Steamboat Springs Local officials are asking everyone to stay out of the Yampa River in Steamboat Springs to protect the waterway’s ecology.
The voluntary closures for fishing, tubing, kayaking and swimming were enacted Thursday afternoon as the river flowed at 81 cubic feet per second under the Fifth Street Bridge for the second consecutive day.
“I think this is a very collaborative effort to preserve the health of the river,” City Manager Jon Roberts said after Colorado Division of Parks and Wildlife and the city enacted the voluntary closures that cover all forms of recreation. “We’ll have to see where this goes because so much is in the hands of Mother Nature now.”
The closure stretches from the Yampa’s upstream boundary with the city in the Chuck Lewis State Wildlife Area downstream through Steamboat’s city limits.
Commercial tubing operations on the town stretch of the Yampa ceased voluntarily Wednesday.
Roberts said he still hopes that a plan to release 4,000 acre-feet of water from Stagecoach Reservoir could help the river’s wildlife and habitat survive the low flows.
The Upper Yampa Water Conservancy District, which manages the water in Stagecoach, and the Colorado Water Trust still were in negotiations this week to make that release a reality by July 1.
But as they brace for the river’s lowest flow since 2002, officials decided the water was too low to continue supporting recreation.
“Everything is conspiring to the point where it’s going to be very stressful conditions for the fish,” Colorado Parks and Wildlife Area Wildlife Manager Jim Haskins said. “If the conditions persist, which it looks like they will, this could change to a mandatory (fishing) closure of the river and the closure’s scope could expand.”
He added that past voluntary closures have effectively kept tubers, kayakers and anglers off the river.
Conditions a concern
High water temperatures and decreased oxygenation levels accompany the Yampa’s low flows and are a threat to the trout in the river. Parks and Wildlife officials said the added stress of being caught by an angler can cause the fish to die even if they are released quickly back into the water.
The Yampa’s water temperature reached 72 degrees under the Fifth Street Bridge on Thursday afternoon, and it was flowing at just 81 cubic feet per second.
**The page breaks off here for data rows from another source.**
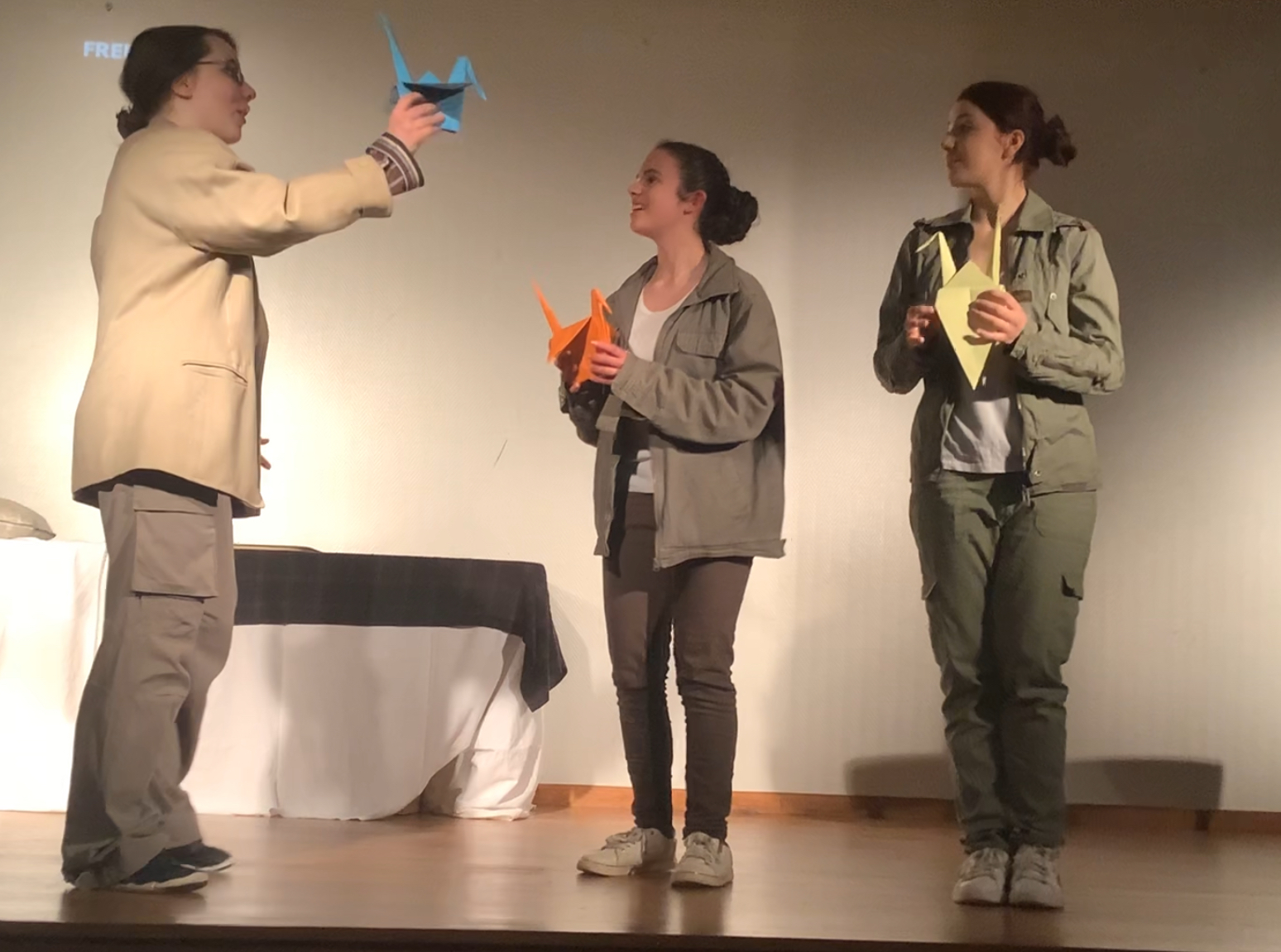 Visuel : Traverser cinq fronti�res� et   les pr�jug�s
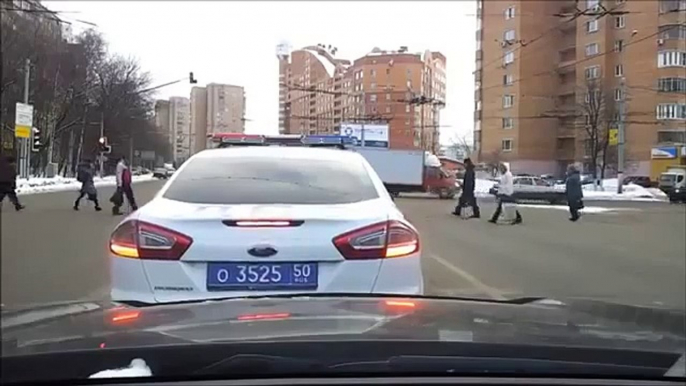 NEW Crazy Russian Cops Respond 2013. Only in Russia 2013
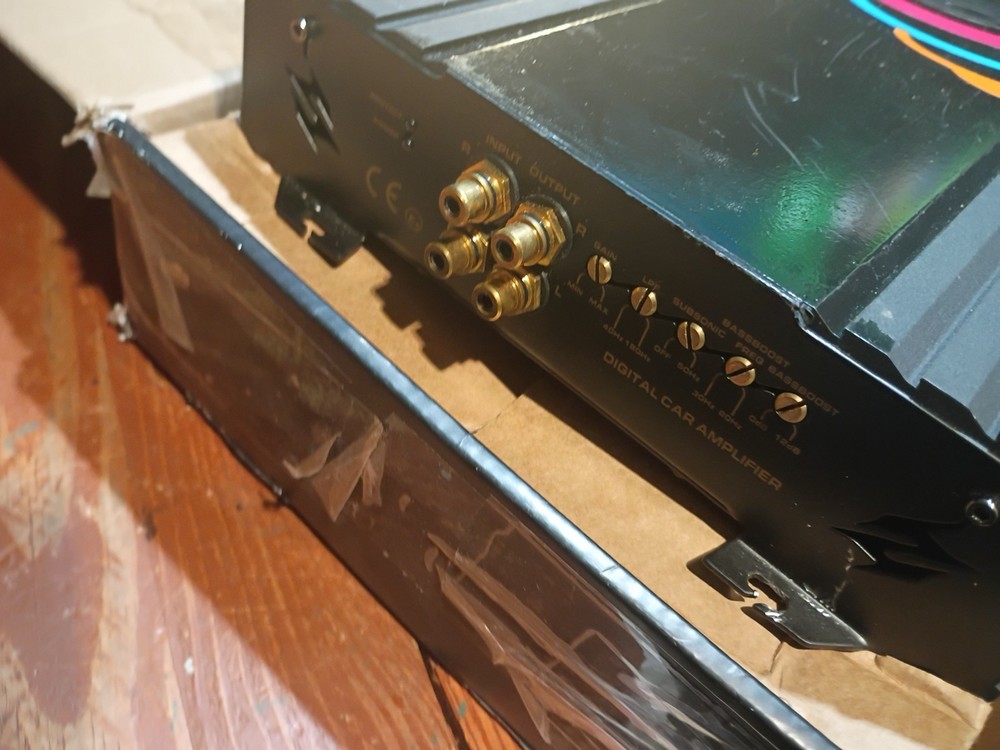 USED 2 WEEKS BERMANS 2500RMS WATT CAR AMPLIFIER CLASS-D 1OHM STABLE.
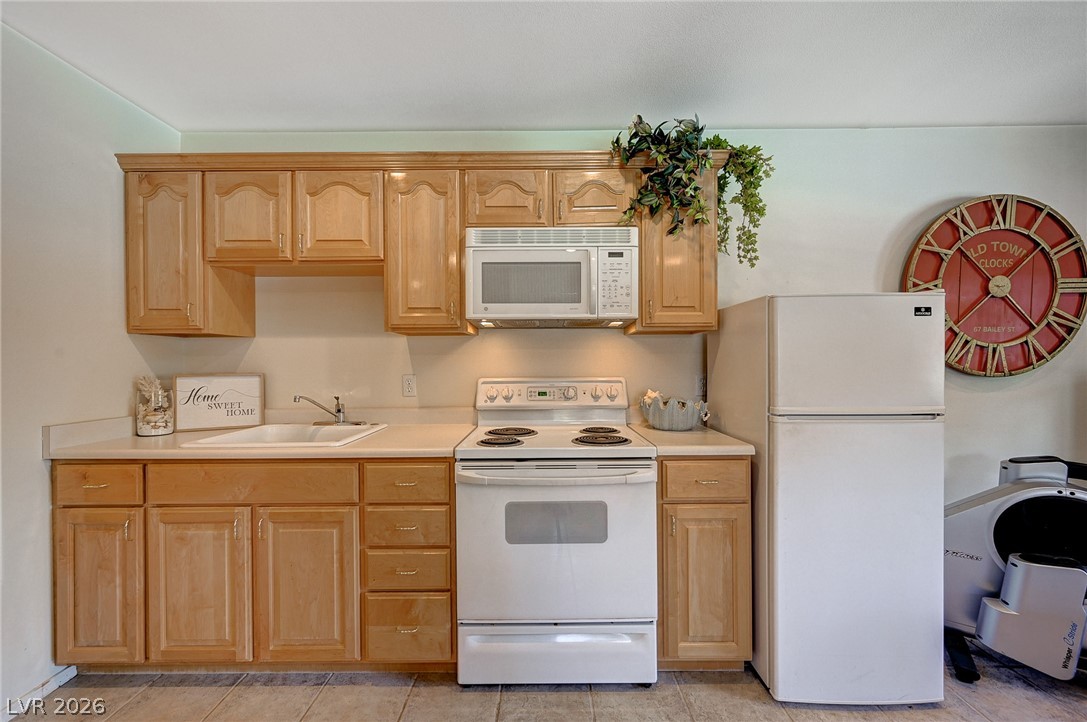 548 Radwick Drive Las Vegas NV 89110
The voluntary closures typically are triggered by streamflows below 85 cfs.
“We’re looking down the line and we don’t see a lot of relief coming” for the river, Haskins said.
The last time Parks and Wildlife and the city issued voluntary fishing and recreation bans was in July 2007.
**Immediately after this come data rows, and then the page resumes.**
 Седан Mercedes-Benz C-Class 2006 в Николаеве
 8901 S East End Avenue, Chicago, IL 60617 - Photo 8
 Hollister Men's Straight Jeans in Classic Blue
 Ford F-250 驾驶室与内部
Officials are worried this season’s quick deterioration of snowpack and continued hot, dry weather could create the river’s worst drought conditions in more than a decade.
Haskins said the Yampa’s decline already is two to three weeks ahead of its deterioration in 2002, when it slowed to 17 cfs in July and high water temperatures and low oxygen levels killed fish.
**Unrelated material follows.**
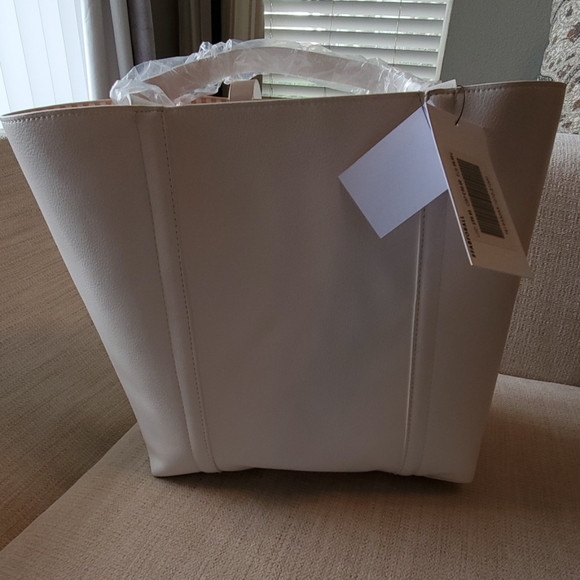 Classically Chic, White Leather Tote - Picture 5 of 8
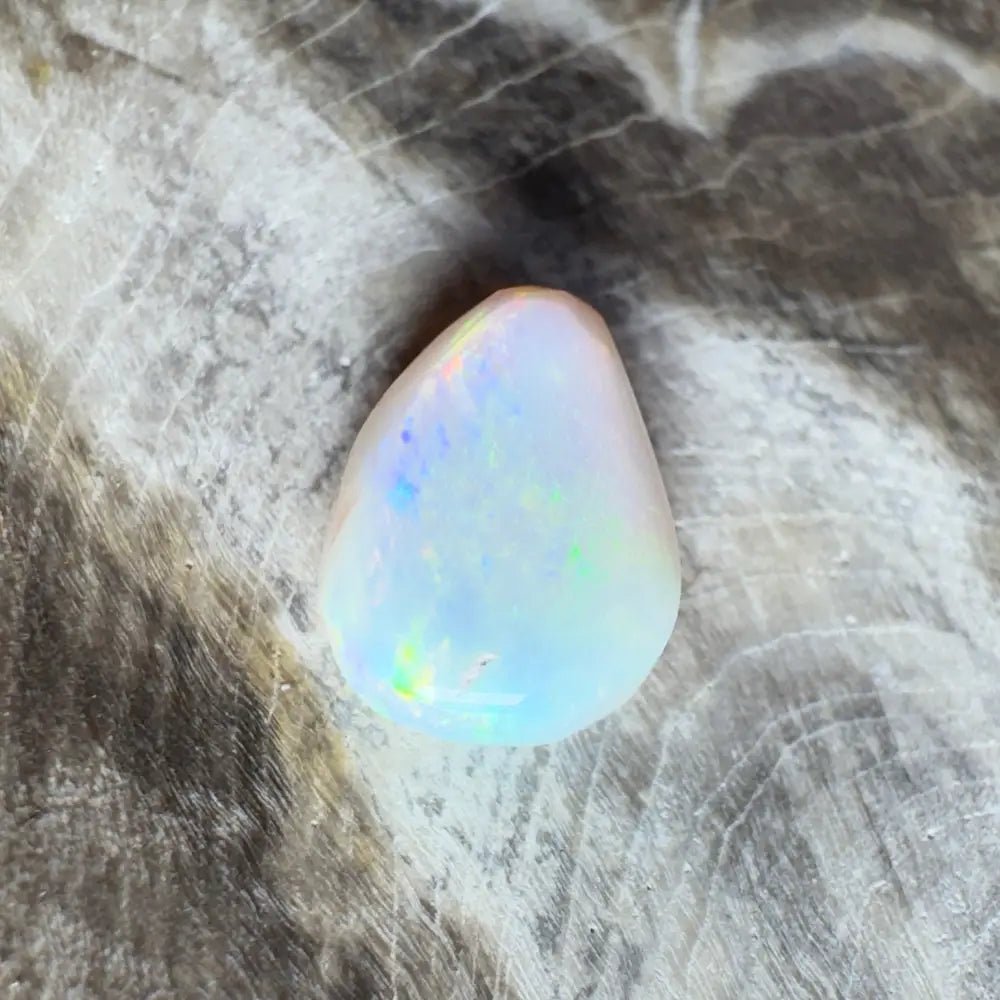 1.7ct Coober Pedy Opal Solid Hand - Cut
“You just wake up every day wondering what this is going to be like, because we’ve never been here before,” Haskins said. “You think back to 2002 and you wonder how you can go through that again.”
By keeping everyone off the water, wildlife officials hope to prevent fish mortality and protect the fragile river ecology that is exposed by low streamflows. Haskins said that although cold nights currently are allowing the fish to stay healthy, barring any rain or cooler weather, fish health is expected to rapidly deteriorate as the river continues to slow.
Finding other water
Anglers are being asked to find other areas to fish and to avoid fishing during the hottest part of the day.
Local fishing guides already were steering their anglers away from the Yampa on Thursday.
“We still have a lot of water we can fish,” Steamboat Flyfisher guide Mark Kershner said. “We’re trying to make the best of it.”
He said Steamboat’s angling outfitters will do more trips in places like the Sarvis Creek Wildlife Area and along private stretches of the Elk River where the water is typically colder than in the Yampa.
Although other stretches of the Yampa are not currently included in the closure, Haskins recommended that anglers also avoid any of the Yampa River’s public waters downstream of the town of Yampa, including the popular tailwater at Stagecoach Reservoir.
“The tailwaters may stay cooler, but the water level issue is still an issue,” he said, adding that moss is showing up in the area. “It’s not included in the current closure, but if (conditions) keep going the way they are going, I predict it will be.”
He said Parks and Wildlife officers will patrol the Yampa in Steamboat and remind any fishermen still in it about the voluntary closure.